In love, to each their own terms and conditions, to each their own rules of the game

If rose water cinema does not necessarily deal with the fourth stage of love, it is because it is a stage that it is not really possible to standardize through make-up representations.

We prefer to show only the facade.

The partners compose their own general conditions and their own rules of the game, in short, which largely determines the dynamics of their private life.

A sort of implicit or explicit contract, depending on the couple, is set up.

The difficulties then appear little by little since one leaves step by step the illusions created by the passions and one enters with great strides into a space of reality less colorful, more banal and perhaps more disappointing.

The idealization of the partner is reduced like the skin of sorrow.

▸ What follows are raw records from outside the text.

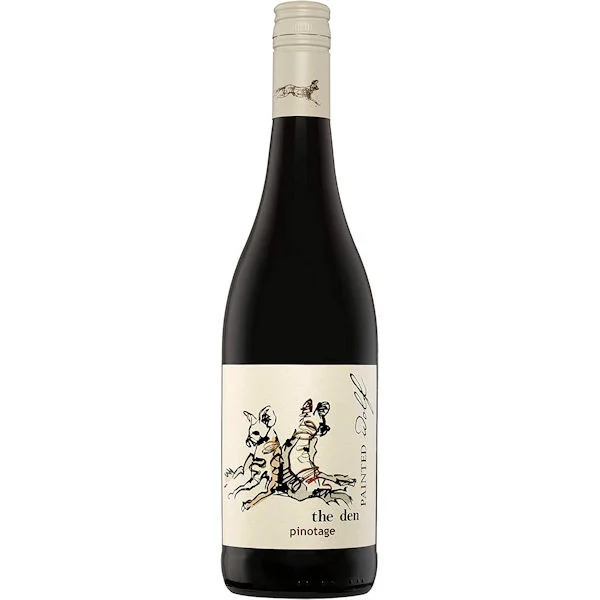 12 Bottle Case Painted Wolf The Den Pinotage 2022 (South Africa) w/ Shipping Included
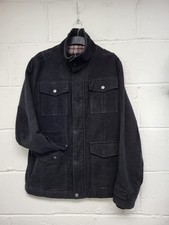 Next Black Moleskin Zip Up Jacket With Multiple Pockets Mens Size Medium.PW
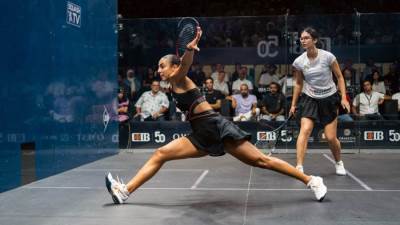 هانيا الحمامي تتوج بالبطولة المصرية للإسكواش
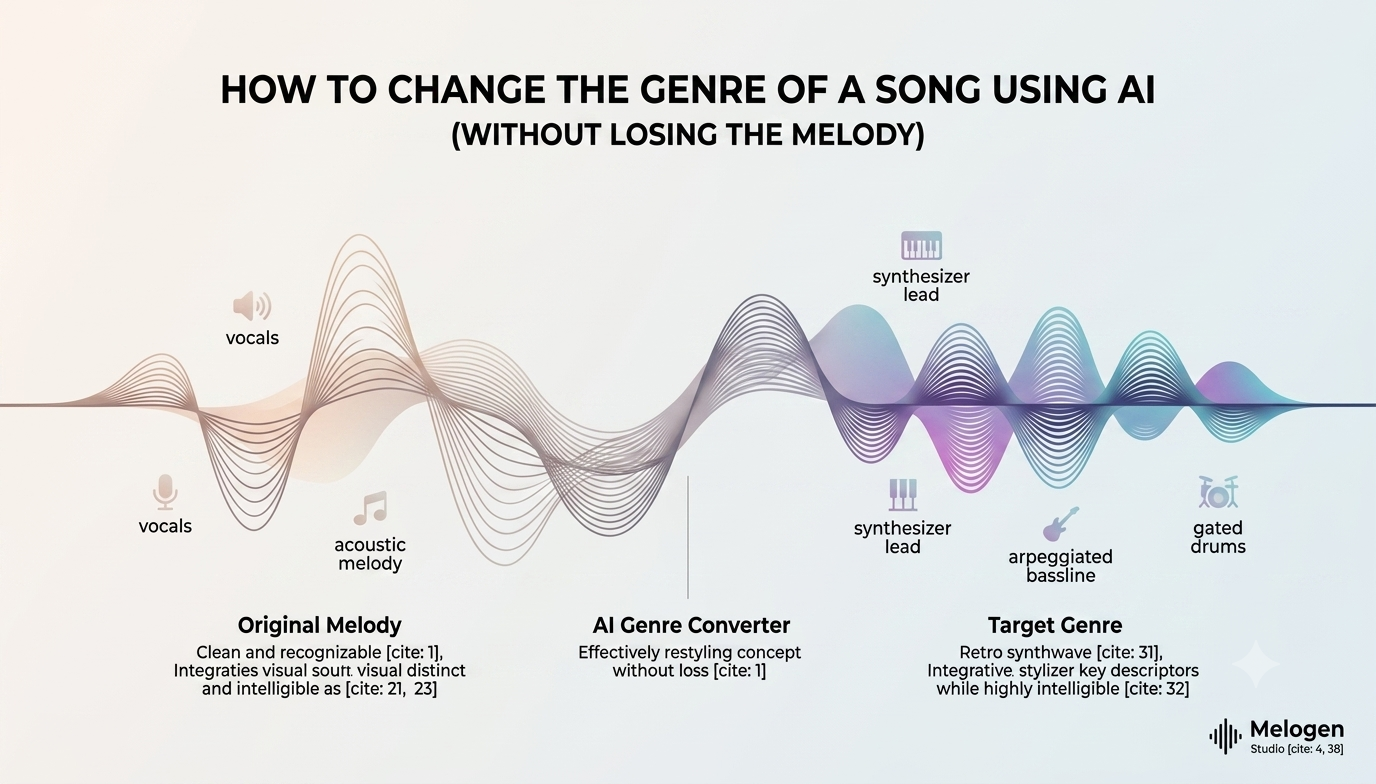How to Change the Genre of a Song Using AI (Without Losing the Melody)
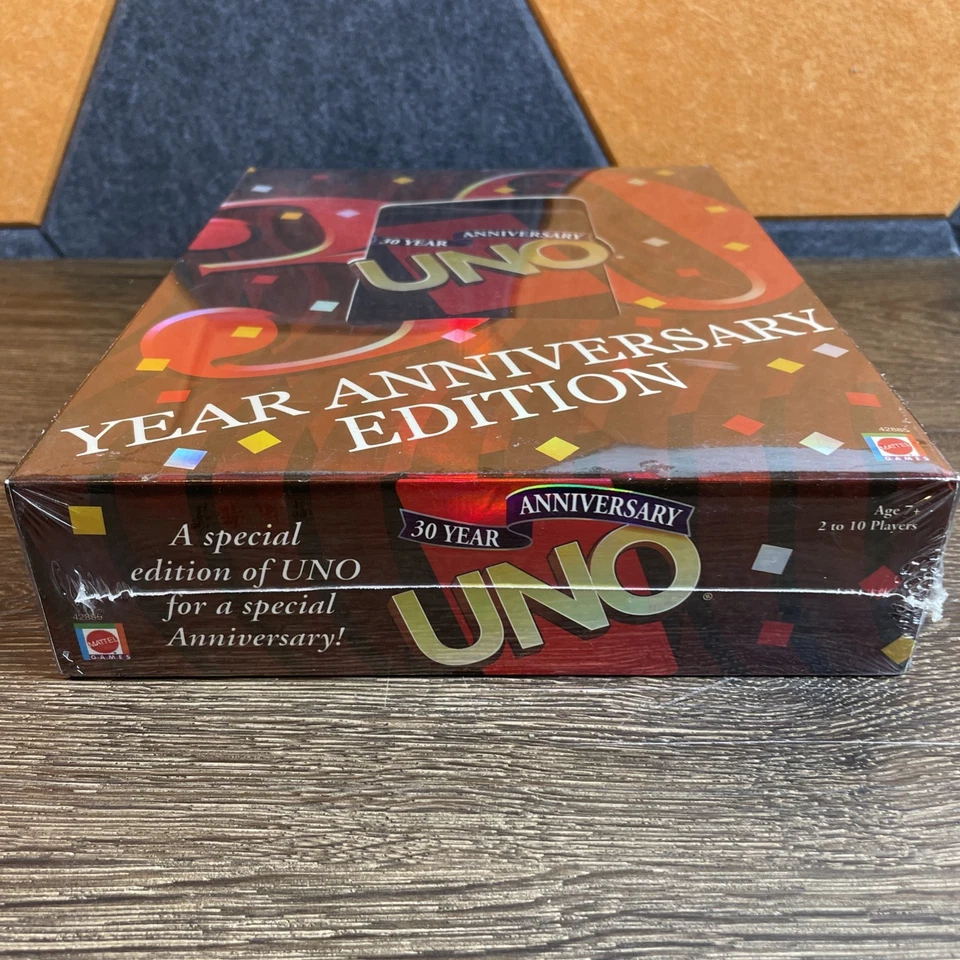UNO 30 Year Anniversary Edition 2001 VTG Mattel Card Game New Sealed Box! - Image 2 of 4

The limits of each appear at this time. Nothing is like the first time, the first glance, the first meeting, the first touch, the first furtive kisses. Sometimes you want to find the internal passionate pulsation.

Some ideas to feed the flame

There is still no question of falling into fatalism and abandoning the game at the slightest difficulty on the horizon.

Quite the contrary! The challenges, big or small, between two people who love each other say a lot about the remedies that can help maintain the relationship.

It is up to both partners to adjust to the limits and expectations of each other, of oneself.

Moreover, the love contract is not immutable. It is quite the reverse. It is debatable, malleable, modifiable, improvable, revisable, reinterpretable. At will!

Imagination must therefore become queen and creativity must reign alongside it.

Hope is the main engine of love, if not a perfect synonym.

There is no logistics of love that is unique and superior to others, or even effective for all.

The best logistics of love that can exist is the product and the fruit of genuine, conscientious and conscious work by those who love each other.

Work on oneself and work on the relationship, together, with the other.

Taking care of yourself, your partner and your relationship is the key to nourishing the sensitive flame of a loving relationship.

Listen to yourself and listen to your partner. A “good night” by text message when you are far from each other, and why not love texts?

Above all, there is no obligation to take literally the norms of love that can be propagated by the most fictionalized mainstream cinema and film productions that live off the naivety of average consumers.

These representations have nothing to do with the realities of it. Love has at least four stages. It is therefore extremely fluid and evolving.

It’s love at first sight that rolls out the red carpet for a potential relationship.

It’s a totally instinctive reaction, almost uncontrollable. This first step does not necessarily lead to the following ones.

Love, at first sight, can be followed by falling in love. It is a passionate development. This is the moment when we say “I fell in love”.

I’m in love with you? No! I love you!

If the passion takes, we arrive at the state of love. There is a stabilization and the couple takes shape.

Finally, if lovers allow themselves to be carried away by the continuity of passion, the fourth stage, which is love, will begin for them.

It is the most complex stage and the duration of which is unknown and depends only on the will and the hope which animate the flame.

It does not follow any standard apart from the rules built by the partners and it is up to them and to them alone that it is up to them to take the greatest care and adjust it while paying close attention to the parameters that favor at best the well-being of each and every one.

So do you prefer to say “I am in love with you” or “I love you”?